The postnatal period, puerperium

Changes in reproductive organs during the puerperium

The postnatal period is also known by doctors,nurses and midwives as the puerperium. It includes the normal processes of physical and psychological adjustments during this period.
Some women in your postnatal care may not understand all of the normal changes which they experience after childbirth. They may become alarmed about changes that are perfectly normal, or ignore symptoms that are really danger signs. Some women find mothering a new baby very easy and natural; for others the mothering role may be difficult.

The postnatal period is also known by doctors,nurses and midwives as the puerperium

The important physiological events that occur during the puerperium include, among others, the return of the reproductive organs and the levels of the female hormones to approximately their pre-pregnant state. 


The full term uterus has grown at least ten times bigger than it was before pregnancy.

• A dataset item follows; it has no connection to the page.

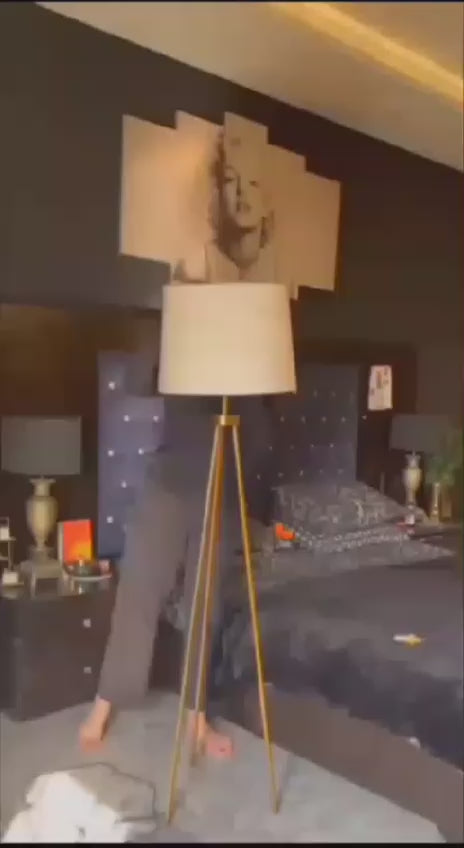 Brass Tripod Floor Lamp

On its own it weighs approximately 1kg (not including the baby, placenta, amniotic fluid, etc), where as its pre-pregnant weight was only 50-100 gm. Immediately after the baby is born, the uterus can be palpated at or near the woman’s umbilicus (belly button),as it contracts to expel the placenta and fetal membranes. It normally shrinks to its non-pregnant size during the first six weeks after delivery, but most of the reduction in size and weight occurs in the first two weeks. At around this time, the uterus should have shrunk enough to be located in the woman’spelvis, below her umbilicus.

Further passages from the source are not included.